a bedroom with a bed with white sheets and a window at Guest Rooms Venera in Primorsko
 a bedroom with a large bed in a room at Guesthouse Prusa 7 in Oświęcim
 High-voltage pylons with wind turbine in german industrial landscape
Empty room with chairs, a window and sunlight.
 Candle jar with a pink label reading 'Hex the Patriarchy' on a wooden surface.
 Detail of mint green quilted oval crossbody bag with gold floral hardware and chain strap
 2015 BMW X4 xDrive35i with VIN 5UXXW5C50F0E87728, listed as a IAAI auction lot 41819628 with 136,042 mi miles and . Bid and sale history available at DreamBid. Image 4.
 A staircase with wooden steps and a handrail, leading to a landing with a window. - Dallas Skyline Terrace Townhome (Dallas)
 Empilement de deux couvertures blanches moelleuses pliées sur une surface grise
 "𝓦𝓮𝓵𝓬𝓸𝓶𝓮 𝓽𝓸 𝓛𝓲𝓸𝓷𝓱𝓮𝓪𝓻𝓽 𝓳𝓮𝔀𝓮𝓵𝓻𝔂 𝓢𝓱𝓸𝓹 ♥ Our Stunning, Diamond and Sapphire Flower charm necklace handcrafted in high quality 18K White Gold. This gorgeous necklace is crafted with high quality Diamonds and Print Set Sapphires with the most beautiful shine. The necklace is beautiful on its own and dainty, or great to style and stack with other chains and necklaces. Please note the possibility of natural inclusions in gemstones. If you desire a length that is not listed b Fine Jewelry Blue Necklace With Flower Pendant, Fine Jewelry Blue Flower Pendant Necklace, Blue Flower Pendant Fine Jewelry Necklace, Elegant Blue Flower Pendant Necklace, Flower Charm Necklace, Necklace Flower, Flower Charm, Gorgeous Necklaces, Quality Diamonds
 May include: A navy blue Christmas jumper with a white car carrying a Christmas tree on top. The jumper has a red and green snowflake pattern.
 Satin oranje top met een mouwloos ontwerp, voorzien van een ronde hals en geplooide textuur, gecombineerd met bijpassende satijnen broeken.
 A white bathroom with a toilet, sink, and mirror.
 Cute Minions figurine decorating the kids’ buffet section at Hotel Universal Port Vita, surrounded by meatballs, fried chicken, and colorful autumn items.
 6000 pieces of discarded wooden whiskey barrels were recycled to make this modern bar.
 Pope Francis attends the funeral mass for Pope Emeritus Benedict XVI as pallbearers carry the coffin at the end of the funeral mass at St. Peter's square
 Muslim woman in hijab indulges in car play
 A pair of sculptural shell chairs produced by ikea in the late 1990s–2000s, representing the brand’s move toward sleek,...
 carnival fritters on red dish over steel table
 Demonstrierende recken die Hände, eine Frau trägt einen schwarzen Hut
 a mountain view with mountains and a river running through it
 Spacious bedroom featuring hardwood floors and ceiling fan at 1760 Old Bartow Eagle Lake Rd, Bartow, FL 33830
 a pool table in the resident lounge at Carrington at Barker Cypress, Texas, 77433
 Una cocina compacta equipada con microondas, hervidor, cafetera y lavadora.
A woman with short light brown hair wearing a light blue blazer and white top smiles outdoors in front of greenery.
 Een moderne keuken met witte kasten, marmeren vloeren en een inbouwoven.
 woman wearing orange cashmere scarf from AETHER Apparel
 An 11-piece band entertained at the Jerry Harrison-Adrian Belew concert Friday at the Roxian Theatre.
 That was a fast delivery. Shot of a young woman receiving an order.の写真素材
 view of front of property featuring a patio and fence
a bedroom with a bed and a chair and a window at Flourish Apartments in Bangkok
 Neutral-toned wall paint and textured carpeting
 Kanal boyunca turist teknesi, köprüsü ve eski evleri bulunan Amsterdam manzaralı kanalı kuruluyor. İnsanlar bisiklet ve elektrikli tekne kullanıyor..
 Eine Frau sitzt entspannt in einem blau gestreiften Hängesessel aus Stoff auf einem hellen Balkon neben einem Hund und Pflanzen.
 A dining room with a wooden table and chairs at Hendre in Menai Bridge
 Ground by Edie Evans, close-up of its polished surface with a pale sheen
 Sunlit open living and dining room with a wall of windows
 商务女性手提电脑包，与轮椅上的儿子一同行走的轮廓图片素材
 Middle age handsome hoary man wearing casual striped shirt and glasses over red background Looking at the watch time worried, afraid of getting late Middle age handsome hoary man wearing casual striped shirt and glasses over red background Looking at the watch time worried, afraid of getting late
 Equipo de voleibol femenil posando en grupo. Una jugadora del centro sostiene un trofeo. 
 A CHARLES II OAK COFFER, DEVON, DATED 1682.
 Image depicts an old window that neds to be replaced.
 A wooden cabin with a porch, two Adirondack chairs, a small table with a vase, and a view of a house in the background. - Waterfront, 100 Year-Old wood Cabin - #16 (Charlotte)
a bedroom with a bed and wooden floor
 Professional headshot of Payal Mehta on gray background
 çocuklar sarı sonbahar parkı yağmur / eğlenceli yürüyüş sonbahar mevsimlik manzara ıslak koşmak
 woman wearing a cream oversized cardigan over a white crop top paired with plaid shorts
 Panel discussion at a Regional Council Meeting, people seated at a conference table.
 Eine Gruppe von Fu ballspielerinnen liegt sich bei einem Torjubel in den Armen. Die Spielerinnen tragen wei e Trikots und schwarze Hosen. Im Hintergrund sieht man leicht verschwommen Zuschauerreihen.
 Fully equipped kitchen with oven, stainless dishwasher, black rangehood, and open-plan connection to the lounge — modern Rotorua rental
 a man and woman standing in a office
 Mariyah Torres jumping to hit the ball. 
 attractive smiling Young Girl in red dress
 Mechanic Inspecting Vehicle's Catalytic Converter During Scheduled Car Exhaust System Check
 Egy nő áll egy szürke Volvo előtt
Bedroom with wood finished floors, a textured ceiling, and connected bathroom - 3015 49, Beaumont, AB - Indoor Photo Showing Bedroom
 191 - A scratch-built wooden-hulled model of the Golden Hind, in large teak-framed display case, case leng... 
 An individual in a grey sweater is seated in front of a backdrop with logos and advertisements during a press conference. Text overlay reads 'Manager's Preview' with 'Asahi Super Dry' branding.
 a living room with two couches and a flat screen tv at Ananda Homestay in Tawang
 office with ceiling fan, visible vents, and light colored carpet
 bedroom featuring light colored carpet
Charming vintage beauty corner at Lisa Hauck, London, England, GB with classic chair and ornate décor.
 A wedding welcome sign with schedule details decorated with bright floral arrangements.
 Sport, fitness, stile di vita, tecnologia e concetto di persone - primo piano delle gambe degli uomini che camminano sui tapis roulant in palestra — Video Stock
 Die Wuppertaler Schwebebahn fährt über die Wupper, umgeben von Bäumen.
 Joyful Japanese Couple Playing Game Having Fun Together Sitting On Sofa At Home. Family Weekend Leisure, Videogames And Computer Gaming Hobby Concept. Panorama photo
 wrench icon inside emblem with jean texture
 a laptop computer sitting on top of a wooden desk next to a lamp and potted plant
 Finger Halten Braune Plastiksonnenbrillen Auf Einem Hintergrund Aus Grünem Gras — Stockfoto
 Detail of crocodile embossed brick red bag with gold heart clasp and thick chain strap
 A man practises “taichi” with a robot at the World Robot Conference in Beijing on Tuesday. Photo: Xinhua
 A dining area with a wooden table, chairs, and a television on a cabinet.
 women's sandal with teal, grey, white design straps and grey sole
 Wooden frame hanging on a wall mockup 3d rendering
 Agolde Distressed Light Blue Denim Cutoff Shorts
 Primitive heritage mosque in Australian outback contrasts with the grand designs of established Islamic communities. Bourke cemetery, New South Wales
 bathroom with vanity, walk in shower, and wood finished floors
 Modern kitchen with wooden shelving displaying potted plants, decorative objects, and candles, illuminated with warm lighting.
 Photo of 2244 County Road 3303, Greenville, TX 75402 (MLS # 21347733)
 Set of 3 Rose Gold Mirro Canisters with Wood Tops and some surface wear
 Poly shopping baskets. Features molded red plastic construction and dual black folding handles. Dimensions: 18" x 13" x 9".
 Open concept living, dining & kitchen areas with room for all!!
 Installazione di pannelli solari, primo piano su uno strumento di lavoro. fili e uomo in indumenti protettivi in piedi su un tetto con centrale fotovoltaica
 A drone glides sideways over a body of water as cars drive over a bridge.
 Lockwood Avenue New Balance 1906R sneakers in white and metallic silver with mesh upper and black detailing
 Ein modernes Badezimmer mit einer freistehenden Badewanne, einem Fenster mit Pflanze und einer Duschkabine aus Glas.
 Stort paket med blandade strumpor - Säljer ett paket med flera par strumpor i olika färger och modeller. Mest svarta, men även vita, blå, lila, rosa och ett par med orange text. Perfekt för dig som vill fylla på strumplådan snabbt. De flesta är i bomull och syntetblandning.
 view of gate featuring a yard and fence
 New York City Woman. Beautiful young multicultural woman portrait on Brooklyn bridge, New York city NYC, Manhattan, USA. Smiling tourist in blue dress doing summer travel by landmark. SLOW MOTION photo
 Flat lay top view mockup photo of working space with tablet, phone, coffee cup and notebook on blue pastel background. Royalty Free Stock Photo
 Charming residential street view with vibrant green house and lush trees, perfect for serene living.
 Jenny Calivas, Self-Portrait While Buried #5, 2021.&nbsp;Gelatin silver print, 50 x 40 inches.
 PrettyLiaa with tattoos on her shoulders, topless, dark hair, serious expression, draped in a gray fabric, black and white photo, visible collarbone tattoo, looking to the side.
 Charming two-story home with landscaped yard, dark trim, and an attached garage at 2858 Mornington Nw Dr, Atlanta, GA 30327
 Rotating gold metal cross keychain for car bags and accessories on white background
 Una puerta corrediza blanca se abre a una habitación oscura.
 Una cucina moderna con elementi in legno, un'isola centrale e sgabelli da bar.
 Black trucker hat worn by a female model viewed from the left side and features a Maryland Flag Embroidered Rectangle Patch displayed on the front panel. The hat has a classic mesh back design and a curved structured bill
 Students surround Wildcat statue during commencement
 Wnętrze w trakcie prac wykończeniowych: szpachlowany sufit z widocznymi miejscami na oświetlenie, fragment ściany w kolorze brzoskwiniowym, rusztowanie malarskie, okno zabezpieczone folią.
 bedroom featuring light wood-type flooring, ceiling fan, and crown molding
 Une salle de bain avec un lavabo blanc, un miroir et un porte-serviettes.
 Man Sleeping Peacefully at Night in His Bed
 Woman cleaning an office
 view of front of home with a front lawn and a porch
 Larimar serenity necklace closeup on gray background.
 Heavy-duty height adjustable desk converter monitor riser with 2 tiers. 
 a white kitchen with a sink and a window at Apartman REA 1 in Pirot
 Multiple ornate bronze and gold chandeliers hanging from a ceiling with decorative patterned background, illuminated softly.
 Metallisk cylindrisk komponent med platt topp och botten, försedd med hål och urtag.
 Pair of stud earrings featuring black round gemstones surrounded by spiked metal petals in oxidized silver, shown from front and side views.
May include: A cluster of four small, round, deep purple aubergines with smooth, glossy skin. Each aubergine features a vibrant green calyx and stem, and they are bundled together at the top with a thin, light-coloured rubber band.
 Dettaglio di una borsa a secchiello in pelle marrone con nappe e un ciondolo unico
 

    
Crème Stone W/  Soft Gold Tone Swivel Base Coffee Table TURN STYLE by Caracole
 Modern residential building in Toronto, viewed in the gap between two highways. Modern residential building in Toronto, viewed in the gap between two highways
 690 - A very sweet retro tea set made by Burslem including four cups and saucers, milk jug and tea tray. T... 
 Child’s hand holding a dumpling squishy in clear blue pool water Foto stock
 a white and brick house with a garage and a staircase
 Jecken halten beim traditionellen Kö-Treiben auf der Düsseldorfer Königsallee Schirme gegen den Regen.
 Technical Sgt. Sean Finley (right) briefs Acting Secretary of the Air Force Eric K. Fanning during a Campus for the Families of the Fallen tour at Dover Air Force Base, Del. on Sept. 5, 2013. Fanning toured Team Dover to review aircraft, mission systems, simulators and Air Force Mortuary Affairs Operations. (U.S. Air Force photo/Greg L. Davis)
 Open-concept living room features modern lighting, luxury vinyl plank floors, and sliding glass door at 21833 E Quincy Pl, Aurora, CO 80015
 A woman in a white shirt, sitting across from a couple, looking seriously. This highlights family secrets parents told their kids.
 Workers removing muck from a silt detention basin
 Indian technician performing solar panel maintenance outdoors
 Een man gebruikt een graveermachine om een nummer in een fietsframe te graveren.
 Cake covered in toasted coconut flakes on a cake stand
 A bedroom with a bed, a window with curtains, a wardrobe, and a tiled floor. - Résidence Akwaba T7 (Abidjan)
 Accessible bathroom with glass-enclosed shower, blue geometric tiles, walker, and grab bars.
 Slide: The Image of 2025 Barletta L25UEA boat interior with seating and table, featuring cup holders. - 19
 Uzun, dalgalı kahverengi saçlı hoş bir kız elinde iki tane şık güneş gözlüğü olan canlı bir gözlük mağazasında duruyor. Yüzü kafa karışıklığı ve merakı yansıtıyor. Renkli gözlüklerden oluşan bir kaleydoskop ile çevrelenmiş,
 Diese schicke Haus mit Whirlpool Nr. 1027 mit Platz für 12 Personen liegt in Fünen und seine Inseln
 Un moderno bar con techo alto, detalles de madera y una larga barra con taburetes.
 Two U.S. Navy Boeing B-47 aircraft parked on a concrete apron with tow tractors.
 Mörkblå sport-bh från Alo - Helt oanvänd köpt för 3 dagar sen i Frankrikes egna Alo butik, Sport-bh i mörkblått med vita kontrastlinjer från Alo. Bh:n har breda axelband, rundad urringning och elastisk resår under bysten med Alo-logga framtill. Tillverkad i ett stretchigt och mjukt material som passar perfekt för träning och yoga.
* * *
| Exercise brief |
For each line in the data above that contains the string "Base", extract the line.

| Output |
Crème Stone W/  Soft Gold Tone Swivel Base Coffee Table TURN STYLE by Caracole
 Technical Sgt. Sean Finley (right) briefs Acting Secretary of the Air Force Eric K. Fanning during a Campus for the Families of the Fallen tour at Dover Air Force Base, Del. on Sept. 5, 2013. Fanning toured Team Dover to review aircraft, mission systems, simulators and Air Force Mortuary Affairs Operations. (U.S. Air Force photo/Greg L. Davis)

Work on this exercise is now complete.